I had determined to be silent, lest I be accused of insolence and presumption if the overflowing of my heart and the violence of my grief evoked some less cautious word against the prince of priests. Grief is not very different from illness; in the impetus of its fire it does not recognize lords, it does not fear colleagues, it does not respect or spare anyone, not even itself. Let no one be surprised, then, if the power of grief makes my words harsh, for I lament a public loss while the private grief is inconsolably rooted in the depths of my spirit.

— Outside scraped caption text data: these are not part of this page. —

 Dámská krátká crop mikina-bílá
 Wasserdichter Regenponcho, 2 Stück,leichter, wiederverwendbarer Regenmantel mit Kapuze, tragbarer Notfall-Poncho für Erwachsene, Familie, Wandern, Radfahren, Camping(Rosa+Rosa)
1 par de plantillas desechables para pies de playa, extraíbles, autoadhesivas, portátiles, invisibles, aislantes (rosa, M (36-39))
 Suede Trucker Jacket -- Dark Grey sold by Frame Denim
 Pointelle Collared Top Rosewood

I beg that the clamor of the afflicted enter your ears; for our calamities are multiplied beyond number. You cannot pretend not to know of the crime and infamy, when you are vicar of the crucified, the successor of Peter, the priest of Christ, the anointed of the Lord, the God even of Pharaoh. From your face, father, let judgment come forth, let your eyes see equity; on your decision and the mercy of your see hang the vows of the people and unless your hand seizes judgment early, the whole tragedy of this evil will redound on you, since you are the father of orphans and judge of widows, the consoler of the grieving and sorrowing, the city of refuge for all. In such a mass of misery, the only and common solace is awaited from the authority of your power.

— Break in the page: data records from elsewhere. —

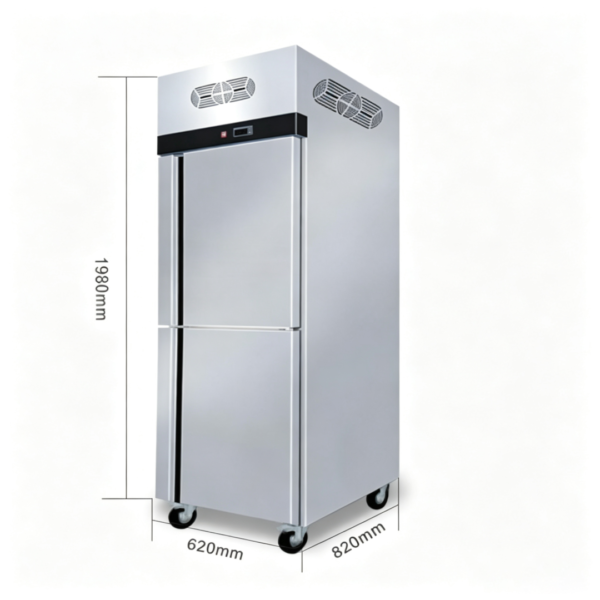 Stainless Steel Air Cooled Cabinet Double Door Commercial Refrigerator Adjustable -18C to 0C Auto Defrost Restaurant Kitchen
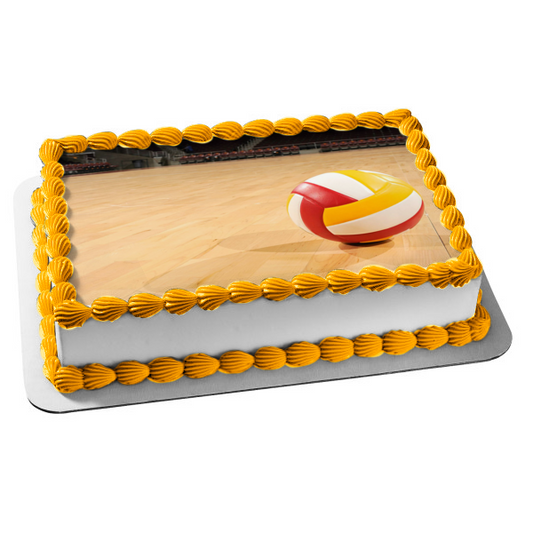 Volleyball Indoor Court Edible Cake Topper Image ABPID55961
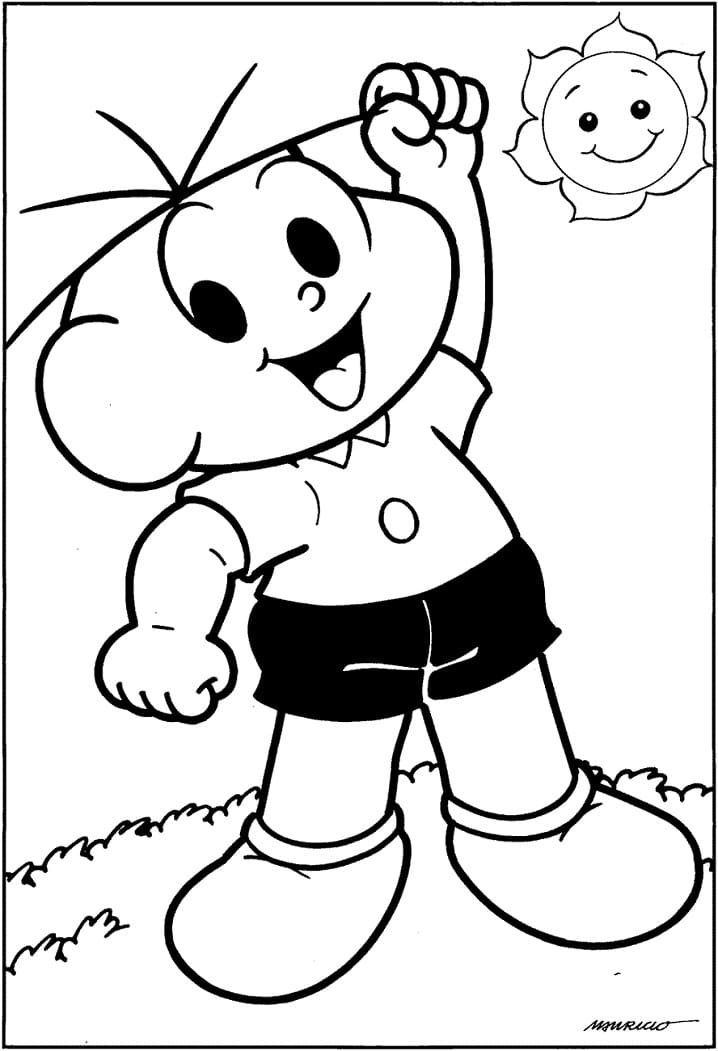 Desenho do Cebolinha Sorrindo para Colorir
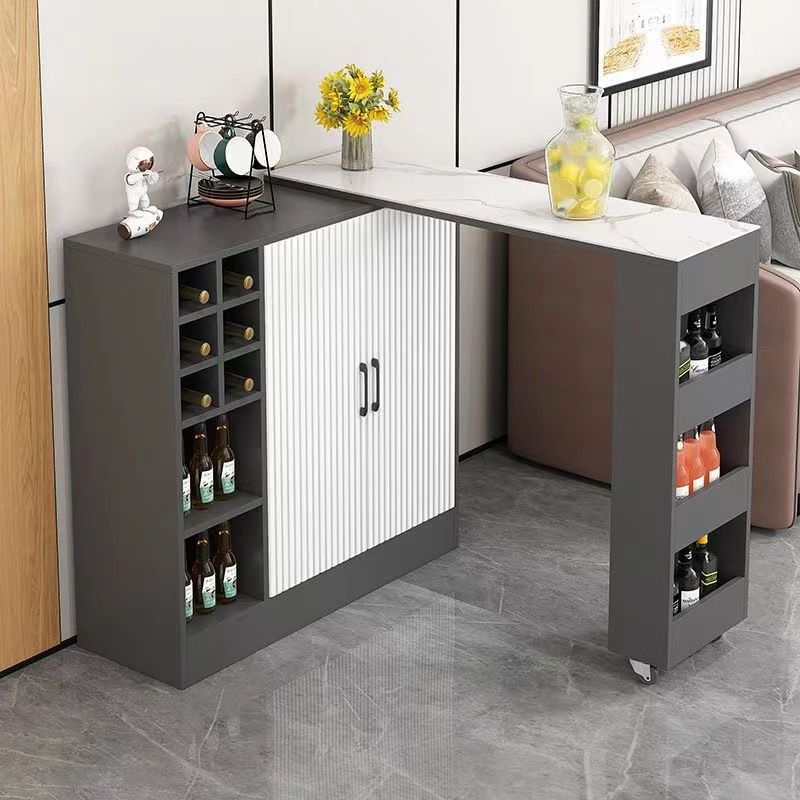 Contemporary Storage Base Bar Dining Table Stone Top Table with Wine Storages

Our king is confined and on all sides anguish oppresses him. You see the state, indeed the fall of the kingdom, the malice of time, the cruelty of the tyrant who incessantly forges arms of iniquity from the furnace of avarice against the king whom, on his holy pilgrimage, under the protection of the God of heaven and the care of the Roman church, he captured and restrained by imprisoning chains and whom he is killing by prison and fear. For this tyrant scorns God and his terrible justice, broods over loot, and there is no one who can wrest the king from his hand.

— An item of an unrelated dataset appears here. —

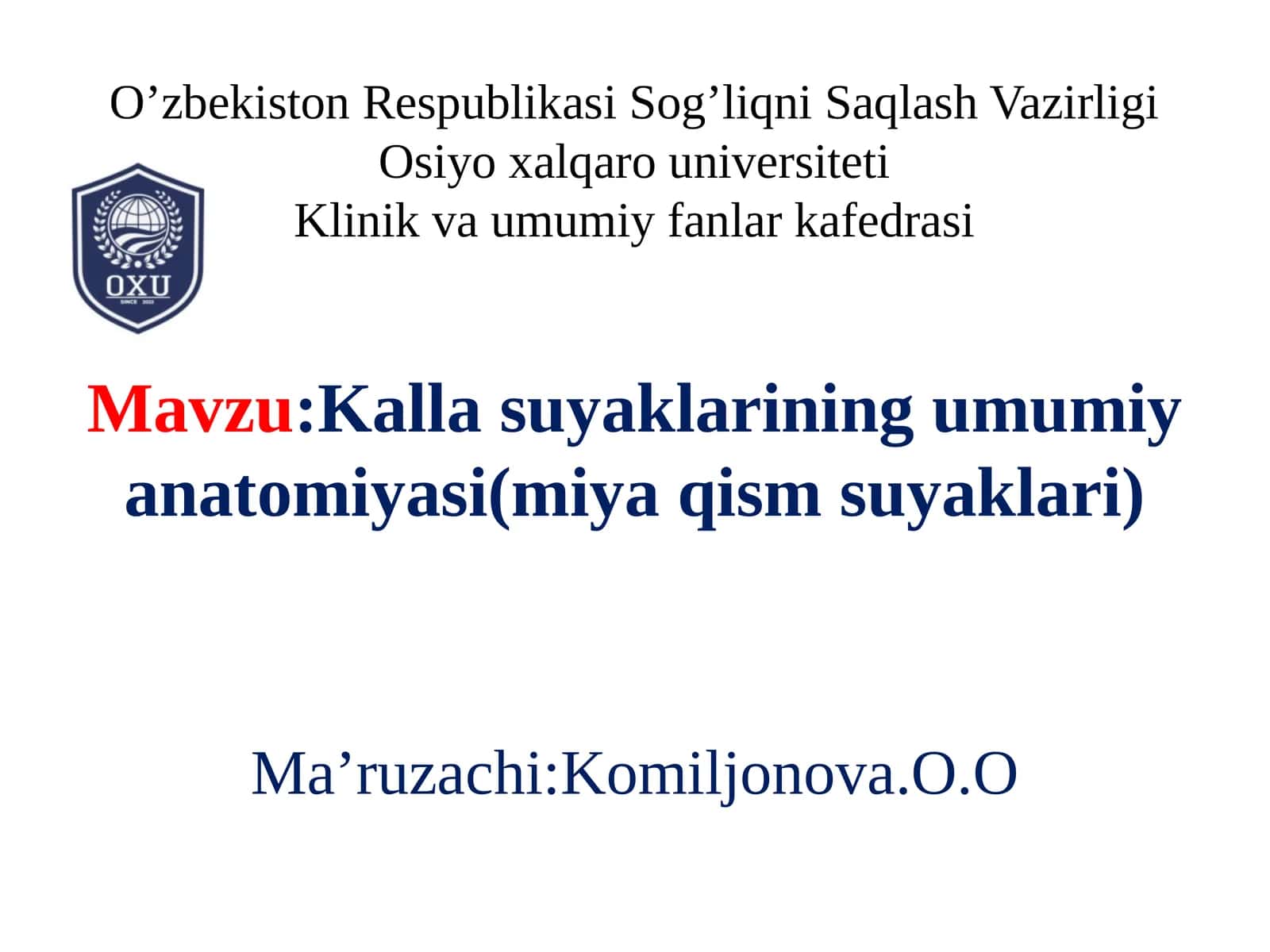 Kallasuyaklarining umumiy anatomiyasi (miya qism suyaklari)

They now trust in his power and glory in the multitude of his riches, the enemies of the cross of Christ, whose end is ruin and whose glory is their confusion. It saddens the church publicly and excites the murmurs of the people not a little at the expense of their opinion of you that, in the face of such crime, of such tears, of the supplication of so many provinces, you have not sent one messenger to those princes. Often for insignificant causes your cardinals have been dispatched in legations with great power even to barbarous regions; yet in such an arduous, lamentable, common cause, you have not yet sent one subdeacon or acolyte. Profit makes legates today, not respect for Christ, not the honor of the church, nor the peace of kingdoms or salvation of the people. What profit or outcome could be more glorious to you than to exalt, in this liberation of the king, the peak of the highest pontificate, the priesthood of Aaron and Phineas? Certainly you
would not have greatly humbled the dignity of the holy see if you had descended personally into Germany to free such a prince: one who had been received so courteously in prosperity should not be deserted so slothfully in adversity.
If that crafty old serpent, that tortuous snake, impedes the freeing of that king with deceptive machinations, we trust in the Lord that he will at the proper time look on the face of his anointed and give full power to his king. Our expectation grows stronger in certain hope and firm faith; let there be incessant prayers from the church to God for him.
Daily, do I send my pleas to heaven for aid. And should, heaven forfend, my son still be a prisoner when I begin my pilgrimage to Nottingham Castle in October to review the forces gathered there by Baroness Martelle von Charlottenburg of Bright Hills, I will stop at all chapels I pass to raise my prayers for his return.
It is good for the king to stand ready to salute the Lord with silence for, if he is now purged in the furnace of tribulation by God, who disposes adversity and prosperity with very salutary moderation, his vexation will cross over into glory and for his present double confusion and shame he will possess doubly in his land. Blessed is the man who trusts in the Lord and the Lord will be his assurance. Surely as there are now public sighs and general tears for him, so at the proper time what is desired by the people with common wishes will come to pass with rejoicing of the whole earth. Lord, in your power the King will rejoice and the Roman church, which now is so culpably slow in his liberation, will blush not without tears, that it did not recognize and help such a son in such anguish.
By my hand in London, on the feast of St. Monica, who was also a widow and afflicted by sorrows for her son.